Figure 9, Figure 10, Figure 11, Figure 12, Figure 13 and Figure 14 show examples of images $A_j$ (original images), associated with subspaces $U_{N_j}$, $U_{N_j^{-}}$ (first step), and $U_{N_j^{+}}$ (denoted $H_j$ in the second step) for $0\le j\le 5$. We compare the associated histograms. We note that the histograms associated with the second step suggest embedded malware.

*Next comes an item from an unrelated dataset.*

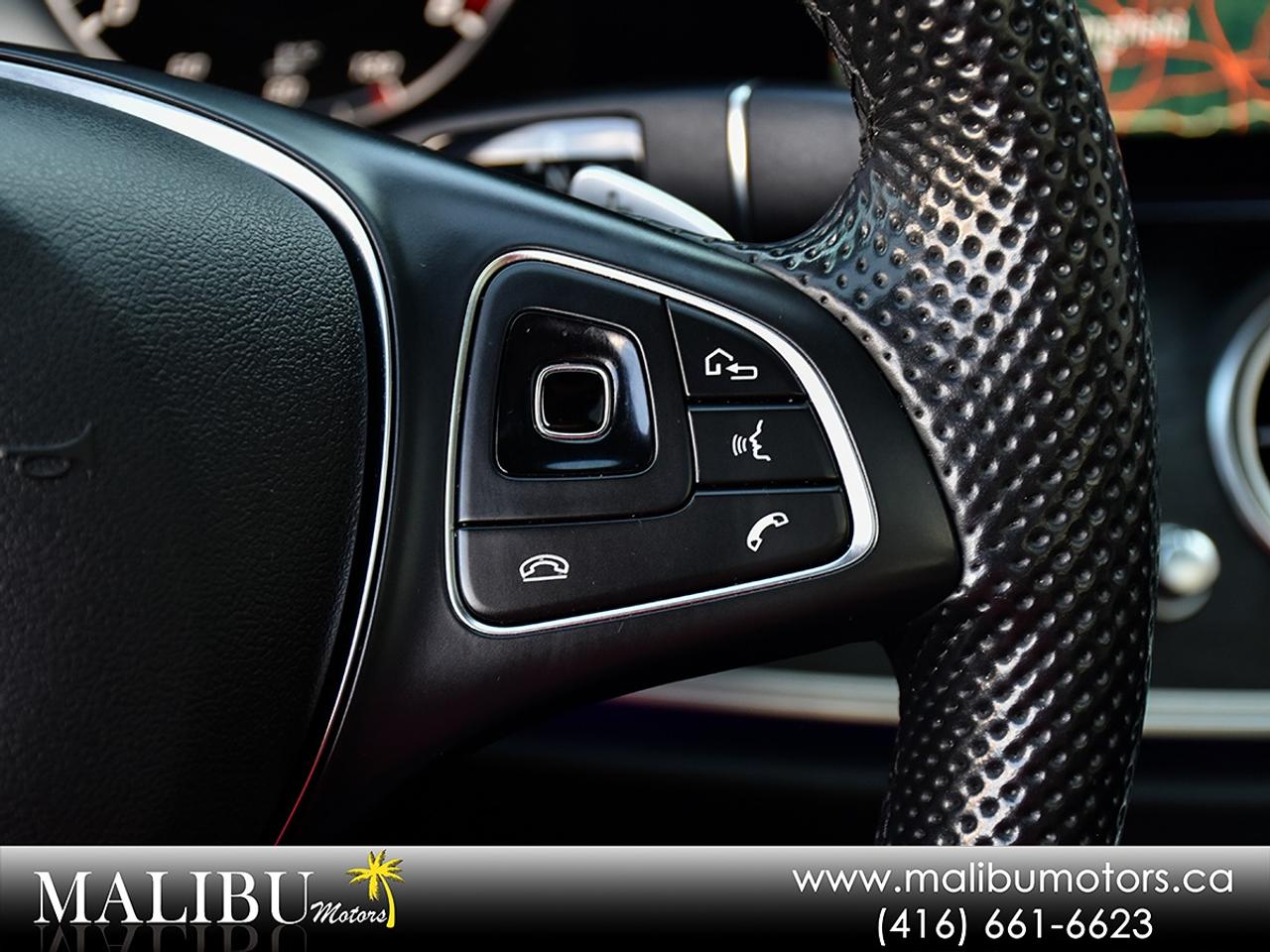 2017 Mercedes-Benz E-Class E 400 Photo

5. Concluding Remarks and Future Work

Hierarchical attacks designed for peer-to-peer remote control via metamorphic worms induce different algebraic structures. On the one hand, the infection process defines so-called equipped posets. These posets constitute a mathematical model of a hierarchical attack where the nodes are either weak or strong, accordingly of whether the node represents an infection with either hidden malware or pure malware. Pure malware is relatively easy to detect, whereas hidden malware requires deep scanning analysis. Modeling such an analysis gives rise to categories of representations of equipped posets over the pair of fields $(\mathbb{R},\mathbb{C})$, and malware insertion-detection defines a categorical equivalence between quotient categories.

Future Work

Since this work focuses on the algebraic properties of hierarchical attacks, it remains an open problem to determine the properties associated with more general types of infections and NIDS based on deep learning algorithms.

Another task to develop in the future is to apply the proposed theoretical framework to the real field of the intrusion and detection of malware.